A memorial to six Limerick men who fought on the Republican side during the Spanish Civil War will be officially unveiled in the grounds of Limerick City Hall this Sunday.
The Cathaoirleach of Limerick City and County Council, Cllr. Kevin Sheahan will be joined at the ceremony by 40 members of the International Brigades Memorial Trust and the men’s relatives who are travelling from all over Ireland, UK, USA, Canada and Australia.
Commissioned by the Limerick international Brigade Memorial Trust, the sandstone sculpted memorial has been created by local artist Simon Donnelly. It features the names of Gerard Doyle, Joe Ryan, Emmett Ryan, Paddy Brady (all Limerick City), Frank Ryan (Knockainy) and Jim Woulfe (Athea) who joined the International Brigade in its fight with the Republican side against Franco’s Nationalist Army during the 1936-39 conflict.
Jim Woulfe was killed fighting with the Canadian MacKenzie Papineau battalion of the XV International Brigade during the Battle of Belchite in early September 1937. He is commemorated in a memorial in Ottowa in Canada. Emmet Ryan from Catherine Street died during the Battle of the Ebro River in July 1938 as Republican forces attempted to seize the small but strategically important town of Gandesa.
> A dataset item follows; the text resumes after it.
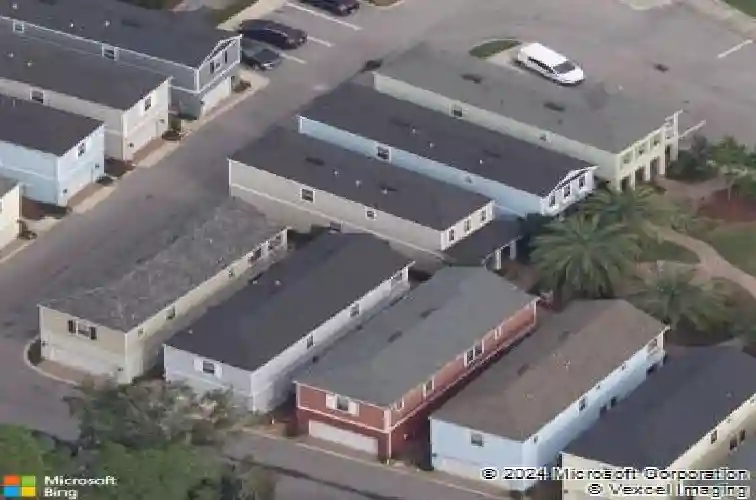 210 cutlass way, oldsmar,  FL 34677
Of the four Civil War survivors, Joe Ryan joined the British Navy in World War Two and was killed when the HMS Dunvegan Castle was sunk by a U Boat off the northwest coast of Ireland in 1940. Frank Ryan died of natural causes in Dresden, Germany in June 1944. His remains were repatriated and interred at Glasnevin Cemetery more than three decades later. Gerard Doyle, then 63, died in Cornwall in March 1970, shortly after the death of fellow Civil War veteran Paddy Brady.
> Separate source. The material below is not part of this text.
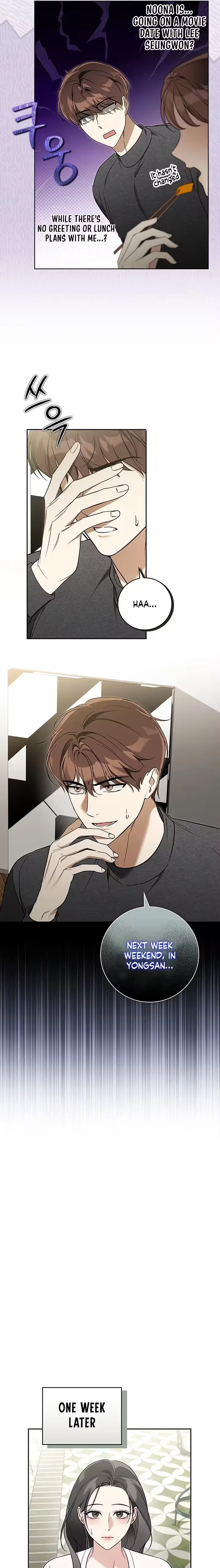 Chapter 7 - Image 13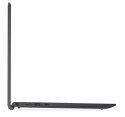 Dell Notebook Vostro 15 (3520) Win11Pro Academic (EDU) i5-1235U/16GB/512.GB SSD/15.6 FHD/Intel Iris Xe/FgrPr/Cam&Mic/WLAN + BT/Backli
Charlotte Ryan Wetton, Frank Ryan’s grandniece, will officially unveil the memorial which forms part of a weekend programme of events organised as part of Limerick City of Culture 2014. Sarah Bennett, sister of Joe Ryan and the only surviving sibling of the men will lay a wreath in their memory.
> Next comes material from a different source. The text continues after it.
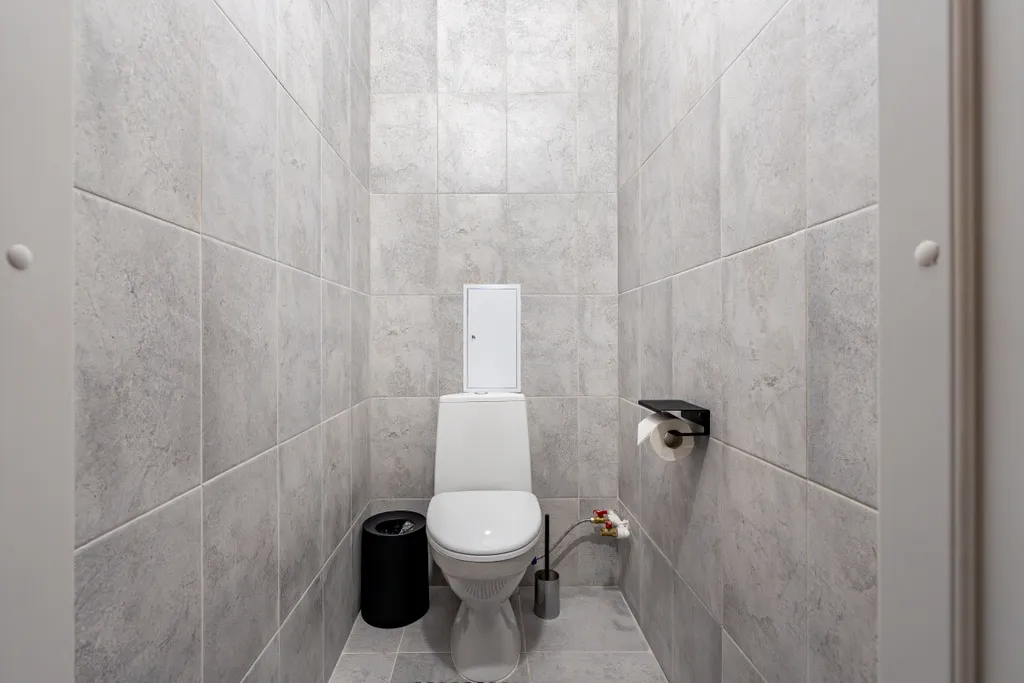 Квартира Апартаменты София в Ясно Янино — Янино-1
The weekend will also see the launch of “From the Shannon to the Ebro”, an anthology featuring essays documenting Limerick’s links with the fight against fascism during the 1930s.
Cllr Kevin Sheahan, Cathaoirleach of Limerick City and County Council commented: “The men who fought with the International Brigade are commemorated around the world and it is fitting that those six ordinary Limerick men who found themselves in extraordinary circumstances will now be remembered in their native place. It should also be said that a number of Limerick men who travelled to Spain in support of Franco subsequently fought Fascism during the Second World War and they are also remembered on this occasion.”
“This memorial project is based on a voluntary effort by a committed group of people and Limerick City and County Council is happy to support them in their effort to commemorate the part played by Limerick men in momentous world events,” he added.
According to Ger McCloskey, spokesperson for the Limerick International Brigades Memorial Trust: “Like all Civil Wars, the Spanish Civil War was a bitter conflict that pitched neighbour against neighbours and led to decades of division in Spanish society. The huge influx of foreign fighters, particularly to the Republican side, was also representative of growing international concern in relation to the rise of fascism throughout Europe.”
“We are grateful to Limerick City and County Council for supporting our bid to remember those Limerick men who fought with the democratically elected Spanish Government against fascism. By being provided with a site within the grounds of Limerick City Hall and through the financial support of Limerick City of Culture, we are delighted to be able to deliver a permanent public memorial to the six Limerick born brigadistas, whose efforts have previously gone largely unrecognised,” concluded Mr McCloskey.